Pisonia Grandis, the islands most common tree, can be recognised by its
broad light green leaves and soft wood. Pisonias are well adapted for
island life, with an ability to regenerate from fallen trunks or limbs.
During summer they produce large numbers of sticky seed clusters, which
stick to birds feathers and are thus transported between islands.
Birds
White-capped
noddies (black noddies) nest in large numbers on Lady Musgrave Island
from October to March with a peak in December. The noddies feed on small
surface swimming fish during the day and return to the island at night.
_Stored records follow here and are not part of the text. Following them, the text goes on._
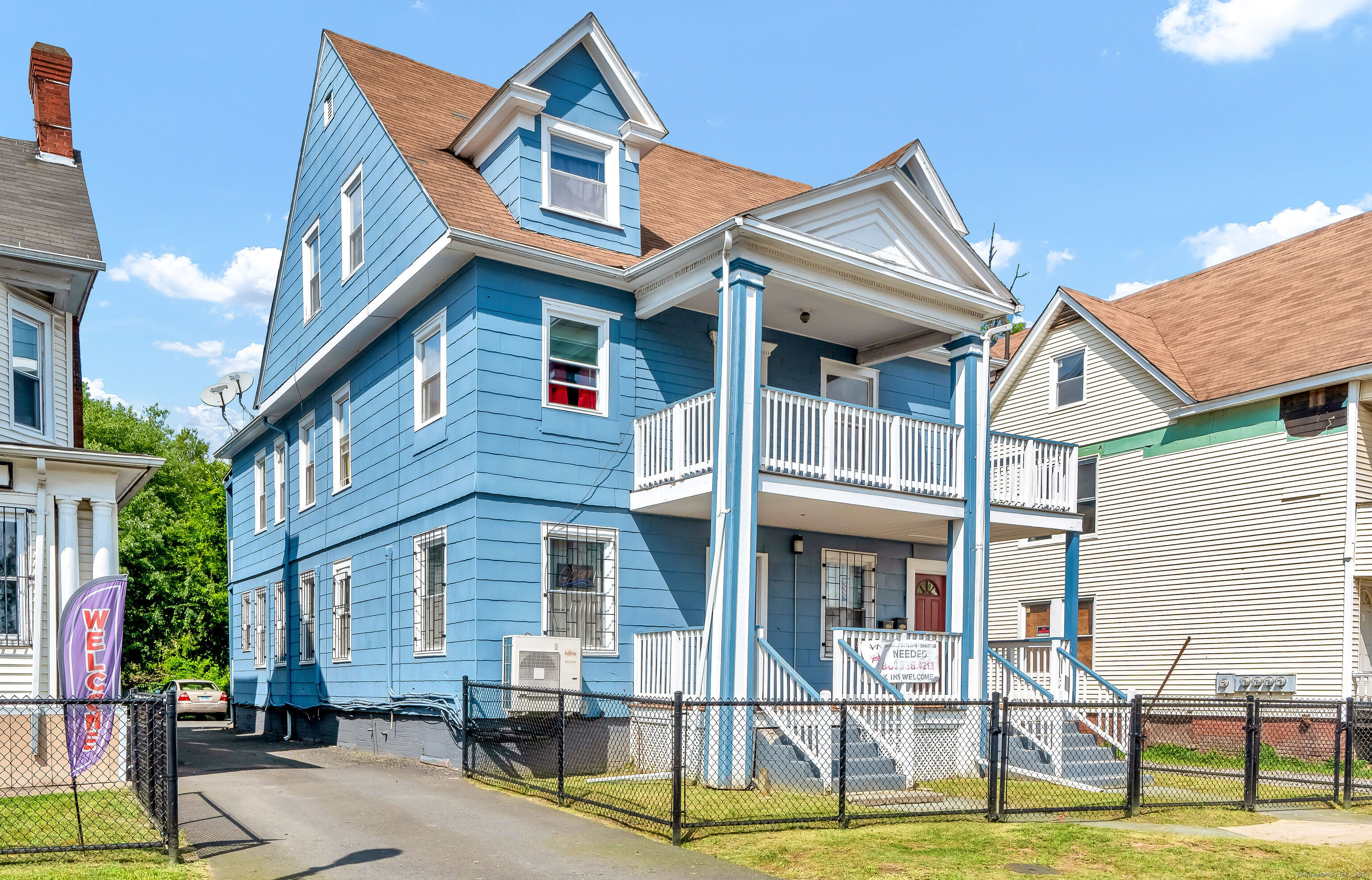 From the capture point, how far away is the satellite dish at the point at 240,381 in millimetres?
25266

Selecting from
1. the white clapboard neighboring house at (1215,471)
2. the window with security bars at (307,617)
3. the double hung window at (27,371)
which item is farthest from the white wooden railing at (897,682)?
the double hung window at (27,371)

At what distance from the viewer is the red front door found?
18.8 metres

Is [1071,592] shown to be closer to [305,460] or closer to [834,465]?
[834,465]

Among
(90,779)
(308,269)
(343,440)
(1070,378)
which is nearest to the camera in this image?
(90,779)

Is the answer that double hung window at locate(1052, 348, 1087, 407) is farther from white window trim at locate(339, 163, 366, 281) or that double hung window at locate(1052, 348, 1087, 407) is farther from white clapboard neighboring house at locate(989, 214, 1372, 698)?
white window trim at locate(339, 163, 366, 281)

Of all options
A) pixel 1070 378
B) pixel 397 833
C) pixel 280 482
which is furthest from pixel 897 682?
pixel 280 482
Their droppings provide a vital fertiliser from the sea and enable the
islands vegetation to develop.
Between October and May, the wedge-tailed
shearwaters (mutton birds) are present on the island. During the day the
shearwaters feed at sea returning to the island at dusk. The many
shearwater burrows in the outer zone of the pisonia forest make the area
difficult to walk through and should be avoided during the nesting
season, as the burrows collapse easily, causing the death of the
occupants. Nesting Turtles
Lady
Musgrave is an important nesting site for both green and loggerhead
turtles, with green turtles being more common. Nesting usually occurs at
night during high tide, with the main season from late November to
January. Hatchlings emerge from nests in the sand from about mid January
until late March, mostly from late afternoon to midnight.
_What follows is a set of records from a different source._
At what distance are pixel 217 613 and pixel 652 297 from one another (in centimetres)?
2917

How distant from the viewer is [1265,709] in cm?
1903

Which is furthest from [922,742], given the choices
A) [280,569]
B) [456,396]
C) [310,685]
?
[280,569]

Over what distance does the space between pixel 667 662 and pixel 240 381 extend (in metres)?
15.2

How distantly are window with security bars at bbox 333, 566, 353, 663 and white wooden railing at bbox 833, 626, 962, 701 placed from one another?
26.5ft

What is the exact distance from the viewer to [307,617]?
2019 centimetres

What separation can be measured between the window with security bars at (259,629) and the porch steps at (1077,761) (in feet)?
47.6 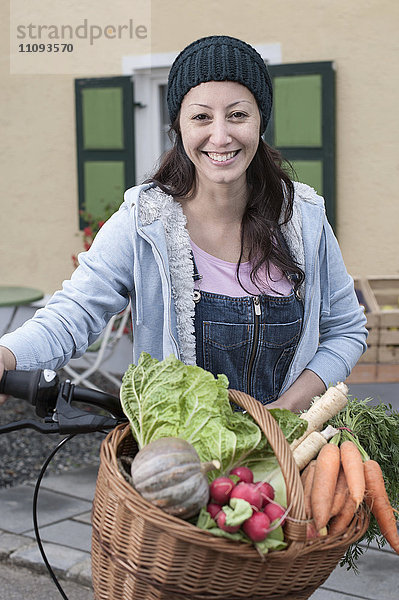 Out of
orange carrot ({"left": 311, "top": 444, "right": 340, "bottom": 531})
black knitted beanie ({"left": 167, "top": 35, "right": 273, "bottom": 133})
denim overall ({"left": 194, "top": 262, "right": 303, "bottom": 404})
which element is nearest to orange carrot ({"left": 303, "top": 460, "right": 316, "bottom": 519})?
orange carrot ({"left": 311, "top": 444, "right": 340, "bottom": 531})

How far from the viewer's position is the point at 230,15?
6906mm

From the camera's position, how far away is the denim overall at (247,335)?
2330 millimetres

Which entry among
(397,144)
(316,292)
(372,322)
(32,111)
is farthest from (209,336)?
(32,111)

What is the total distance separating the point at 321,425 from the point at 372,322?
3.69 m

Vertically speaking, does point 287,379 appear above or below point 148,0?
below

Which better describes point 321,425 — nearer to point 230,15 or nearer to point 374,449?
point 374,449

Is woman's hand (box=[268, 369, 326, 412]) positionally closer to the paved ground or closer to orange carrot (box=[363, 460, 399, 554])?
orange carrot (box=[363, 460, 399, 554])

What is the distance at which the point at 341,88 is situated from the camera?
21.4ft

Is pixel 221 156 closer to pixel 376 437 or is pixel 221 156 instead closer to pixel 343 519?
pixel 376 437

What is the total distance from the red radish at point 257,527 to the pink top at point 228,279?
96 cm

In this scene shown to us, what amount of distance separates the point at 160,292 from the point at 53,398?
62cm

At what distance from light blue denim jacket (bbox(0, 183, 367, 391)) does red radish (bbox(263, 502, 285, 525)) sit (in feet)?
2.28

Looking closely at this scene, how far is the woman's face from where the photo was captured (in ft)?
7.36

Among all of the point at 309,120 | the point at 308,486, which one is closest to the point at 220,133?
the point at 308,486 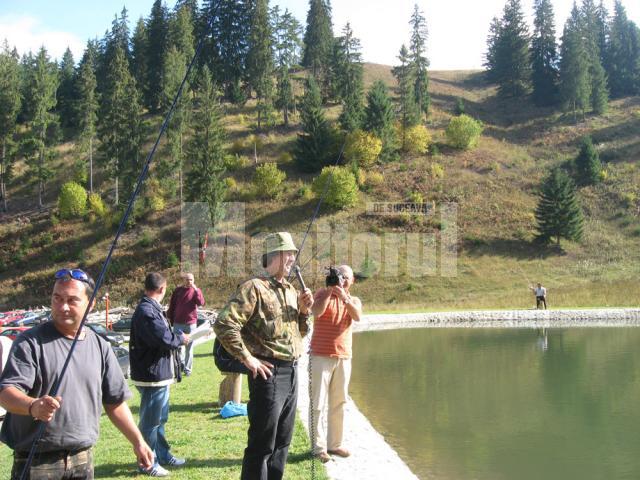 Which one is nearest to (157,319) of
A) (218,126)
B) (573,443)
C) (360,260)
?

Green turtles are under threat throughout the world. The rookeries of
Queensland are some of the few protected areas left for these gentle
animals to nest. They and their nests are fully protected by law.
History
The island was named
after Jeannie the American born wife of a Queensland
Governor Sir Anthony Musgrave. It is some 14
hectares (35 acres) in area. Properly described as a wooded sandy
cay. It has been built by wind driven waves pushing coral rubble,
sand and broken shells to one end of the reef. Now it is held
together by the roots of trees and shrubs fertilised by droppings,
called "Guano", from countless sea birds, who feed on fish plucked
from the ocean, and rest and breed on the island. There is no soil
or rocks there anywhere near the ocean's surface, such as we know of
on land. Any soil you might see comes from sand, the guano and a
compost of dead leaves and trees.
The lagoon is surrounded by
a great oblong coral ring striving to grow outwards which has collapsed
in the centre. Overall the reef and lagoon covers about 1,190 hectares
(3,000 acres). Yachts and trawlers anchor in the lagoon after entering
through the entrance which is the only deepwater access.